Why: Solves the "late reply" problem. In request/response patterns, if the requester times out and moves on, a late reply to its PID could confuse future receive blocks. With aliases, you deactivate after timeout and the late reply harmlessly vanishes.

Anti-pattern: Using bare PIDs for reply addresses in protocols where timeouts are possible. Late messages pollute the mailbox.

Code example from source:

server = spawn(&server/0)

source_alias = Process.alias()
send(server, {:ping, source_alias})

receive do
  :pong -> :pong
end

# Deactivate — late replies to this alias are silently dropped
Process.unalias(source_alias)

Pattern 17: Registry Partitioning Strategies

Source: lib/elixir/lib/registry.ex:310-350 (start_link partitioning docs)

What it does: Duplicate registries support two partitioning strategies:

  • {:duplicate, :pid} (default) — groups entries by the registering process's PID. Good for few keys with many entries (e.g., one PubSub topic with many subscribers).
  • {:duplicate, :key} — groups entries by key. Good for many keys with few entries each (e.g., many topics with few subscribers).

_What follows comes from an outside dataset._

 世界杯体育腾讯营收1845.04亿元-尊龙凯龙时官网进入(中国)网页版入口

Why: The partitioning strategy determines which partition(s) need to be scanned during lookup. With :key partitioning, a key lookup hits exactly one partition (O(1) partitions). With :pid partitioning, key lookups must scan all partitions but process-based operations (unregister on death) are localized.

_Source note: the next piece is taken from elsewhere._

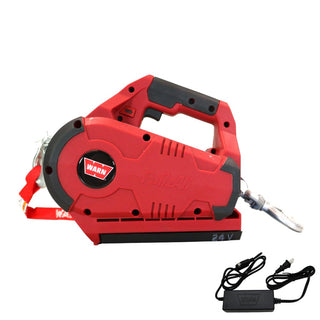 WARN 885030 PullzAll Cordless 24V DC Portable Electric Winch with Steel Cable and 1 Rechargeable Battery Pack: 1/2 Ton (1,000 lb) Lifting/Pulling Capacity, Red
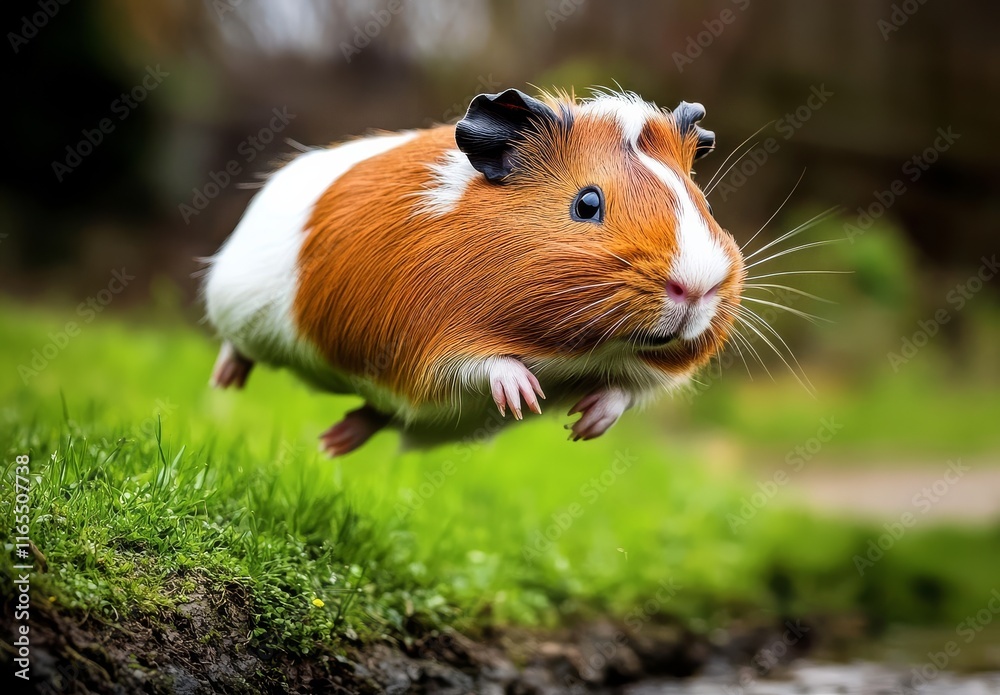 A lively guinea pig leaps into the air with joy. A lively guinea pig leaps into the air with joy.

Anti-pattern: Using default :pid partitioning with millions of unique keys and frequent lookups. Each lookup scans all partitions. Switch to {:duplicate, :key}.

Code example from source:

# Many topics, few subscribers each — use key partitioning
Registry.start_link(
  keys: {:duplicate, :key},
  name: MyApp.TopicRegistry,
  partitions: System.schedulers_online()
)

# Few topics, many subscribers — use pid partitioning (default)
Registry.start_link(
  keys: :duplicate,
  name: MyApp.BroadcastRegistry,
  partitions: System.schedulers_online()
)

Pattern 18: init/1 Return Values — The Full Spectrum

Source: lib/elixir/lib/gen_server.ex:498-545 (init callback spec)

What it does: init/1 supports five return values:

  • {:ok, state} — normal start
  • {:ok, state, timeout} — start with idle timeout
  • {:ok, state, :hibernate} — start and immediately hibernate (GC + compact heap)
  • {:ok, state, {:continue, arg}} — start then immediately invoke handle_continue
  • :ignore — don't start, supervisor treats as successful (child can be restarted later)
  • {:stop, reason} — initialization failed

Why: Each covers a real scenario:

  • :ignore — process is disabled by configuration but might be enabled later via Supervisor.restart_child/2
  • {:stop, reason} — unrecoverable initialization failure
  • :hibernate — process will be idle for a long time, minimize memory
  • {:continue, _} — split fast init from slow setup

Anti-pattern: Using {:stop, reason} when :ignore is appropriate. If a feature is disabled by config, :ignore keeps the child spec in the supervisor for later activation. {:stop, reason} signals a real failure.